BIOGRAPHY Y. Bevish Jinila is presently Assistant Professor in the Department of Information Technology, Sathyabama University, Chennai, India. She obtained her master degree from Anna University, Chennai and she is currently pursuing her research in the Faculty of computer science and engineering, Sathyabama University, Chennai. Her research interests include privacy and security in VANETs.

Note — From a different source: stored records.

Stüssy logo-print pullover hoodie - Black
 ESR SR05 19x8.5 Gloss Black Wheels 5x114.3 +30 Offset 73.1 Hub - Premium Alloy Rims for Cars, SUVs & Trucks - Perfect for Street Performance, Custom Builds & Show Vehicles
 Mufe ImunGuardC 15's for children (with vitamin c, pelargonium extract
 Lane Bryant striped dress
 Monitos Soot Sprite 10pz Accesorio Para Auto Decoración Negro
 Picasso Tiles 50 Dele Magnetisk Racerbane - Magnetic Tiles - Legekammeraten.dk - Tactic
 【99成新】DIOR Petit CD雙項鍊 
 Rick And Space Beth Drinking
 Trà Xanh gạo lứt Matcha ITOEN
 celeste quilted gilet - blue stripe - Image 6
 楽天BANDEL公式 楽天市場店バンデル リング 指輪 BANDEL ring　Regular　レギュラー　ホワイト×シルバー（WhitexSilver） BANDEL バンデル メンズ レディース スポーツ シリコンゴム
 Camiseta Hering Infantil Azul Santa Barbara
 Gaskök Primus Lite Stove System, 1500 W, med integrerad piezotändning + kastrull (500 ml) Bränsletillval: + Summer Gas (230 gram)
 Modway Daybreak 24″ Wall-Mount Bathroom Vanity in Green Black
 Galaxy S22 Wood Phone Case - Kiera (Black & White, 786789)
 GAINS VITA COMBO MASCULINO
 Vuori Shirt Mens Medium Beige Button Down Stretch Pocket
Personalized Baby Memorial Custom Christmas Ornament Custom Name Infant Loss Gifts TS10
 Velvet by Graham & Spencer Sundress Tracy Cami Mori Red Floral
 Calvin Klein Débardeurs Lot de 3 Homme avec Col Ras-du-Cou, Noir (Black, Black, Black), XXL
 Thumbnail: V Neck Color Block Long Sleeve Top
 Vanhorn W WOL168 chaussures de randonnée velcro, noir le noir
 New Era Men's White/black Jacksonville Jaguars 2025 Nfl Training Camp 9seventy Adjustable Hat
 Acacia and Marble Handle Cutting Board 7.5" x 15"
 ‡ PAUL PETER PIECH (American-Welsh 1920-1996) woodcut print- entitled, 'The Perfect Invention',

Komathy K graduated from Madras University, India in 1982, obtained her Master and Doctorate degree in Computer Science and Engineering from Anna University, India. She acquired her expertise from serving in Industry, academic and research. Her recent publications of about 50 research papers are based on wired and wireless networking, network security, social networking and artificial intelligence. Under her supervision, six students are pursuing their Doctorate degree. She has also received a research fund from AICTE India, for monitoring air pollution of metro roads using VANET.